Se equivocan quienes creen que entre todas sus estupideces que van más allá de lo verbal, el Donald reculará y tenderá sus tenazas hacia la obtención del voto latino que aparentemente ya ofendió durante la larga noche de las primarias. El señor es un payaso y un imbécil, pero no comete todas las estupideces que le pronosticamos y ante esta disyuntiva la baraja está clarísima: un monigote como él no necesita ni buscará el voto latino, precisamente porque ha comprobado en la legua que lo que lo hace popularísimo es la enferma ecolalia con la que hipnotiza a tantos desencantados con el mundo moderno. Hablo del sonsonete necio donde les advierte que todos los males vienen de fuera, concretamente de México “y todo eso que está al Sur”, donde no es difícil convencer a quiénsea de que somos lo peorcito del género humano: puros narcos y nacos, ilegales e iletrados que han arrebatado las ofertas de empleo. De allí su mesiánica mentira de mandar a construir un muro sobre una de las fronteras más largas y marcadas del planeta y su intención de rescindir el contrato de Libre Comercio con México… Eso es precisamente lo que quieren escuchar los gringos que jamás han sacado ni piensan en obtener pasaporte, los que habitan el profundo acento del maíz amarillo embarrado de mantquilla y la obesidad infantil, los analfabetas (tan iguales a los albañiles aztecas, pero blancos) y cripto-racistas si no de sabana blanca, sí de bandera confederada y parafernalia militar.

Trump sabe perfectamente que soñar en ganar California sería cavar su propia tumba, si no confiara en ganar Texas, Virginia, Pennsylvania u otros estados de inmenso peso en los colegios electorales, considerando que el utópico jugo de la democracia norteamericana no depende del voto directo de los ciudadanos, sino del conteo de los llamados delegados. Ese trampantojo le costó no poca bilis a Al Gore y todos quienes sueñan con la realidad cinematográfica, pero en la grilla nitty-gritty del sistema gringo, el absurdo es tan siniestro que sí, efectivamente, Donald Trump está encaminándose a merecer el epitafio que ya le cincelaron en una piedra anónima y por supuesto, huye de la posibilidad literaria (y quizá incluso, cursi) que le brindaba el detalle: pudo haber vivido en carne propia la madrugada enrevesada de Ebeneezer Scrooge, el villano incomprendido de Charles Dickens, que amanece convertido en un hombre mejor una vez que sobrevive la madrugada de la mano de sus propios fantasmas y vive precisamente su arrepentimiento al ver en sueños lo que será del mundo cuando él ya no camine en vida. Lo mismo le pasa a George Bailey en It’s a Wonderful Life, lacrimógena película obligatoria para toda Navidad, donde James Stewart protagoniza la conciencia de todo hombre que de pronto descubre que la vida de uno afecta a todos y que por lo mismo, no perdemos nada en apuntalar que todo eso que nos conecta con la humanidad sea precisamente lo mejor de uno.

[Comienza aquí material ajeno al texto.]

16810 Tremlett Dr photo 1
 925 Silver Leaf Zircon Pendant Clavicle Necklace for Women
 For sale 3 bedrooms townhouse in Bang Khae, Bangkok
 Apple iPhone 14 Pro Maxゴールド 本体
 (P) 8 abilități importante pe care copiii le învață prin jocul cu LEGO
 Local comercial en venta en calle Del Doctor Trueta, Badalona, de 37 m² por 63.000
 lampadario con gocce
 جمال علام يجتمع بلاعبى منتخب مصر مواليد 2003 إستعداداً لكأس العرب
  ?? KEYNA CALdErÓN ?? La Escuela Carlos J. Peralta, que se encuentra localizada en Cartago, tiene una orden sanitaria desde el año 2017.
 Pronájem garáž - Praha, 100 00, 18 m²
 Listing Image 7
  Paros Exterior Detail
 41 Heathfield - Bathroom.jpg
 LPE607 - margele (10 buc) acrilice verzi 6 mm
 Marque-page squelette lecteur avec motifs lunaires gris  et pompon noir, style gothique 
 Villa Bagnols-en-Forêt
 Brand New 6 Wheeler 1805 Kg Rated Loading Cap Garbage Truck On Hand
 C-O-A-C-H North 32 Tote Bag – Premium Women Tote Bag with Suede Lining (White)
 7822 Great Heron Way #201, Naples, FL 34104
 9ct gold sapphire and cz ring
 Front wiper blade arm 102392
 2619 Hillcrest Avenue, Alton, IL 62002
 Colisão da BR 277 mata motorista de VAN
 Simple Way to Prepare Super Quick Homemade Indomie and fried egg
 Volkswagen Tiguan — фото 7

Lo que une a Donald Trump con sus electores es un amasijo de odios y de hartazgos que terminaron por pasarle factura a los aburridos republicanos que aspiraban a borrarlo en las primarias; lo que une a Trump con sus ex esposas y antiguos socios es un amasijo de odios y cochupos, maquillados con arreglos judiciales y económicos; lo que une a Trump con sus electores es un amasijo de odio contra mexicanos y latinos en general, como conceptos de un ente indefinible –sobre todo, allí en los estados en donde el voto latino no es crucial—y por ende, lo que une a Trump con la piedra de su tumba es el odio tan fácil de volverse olvido en cuanto alguien le demuestre que nadie llorará su ausencia.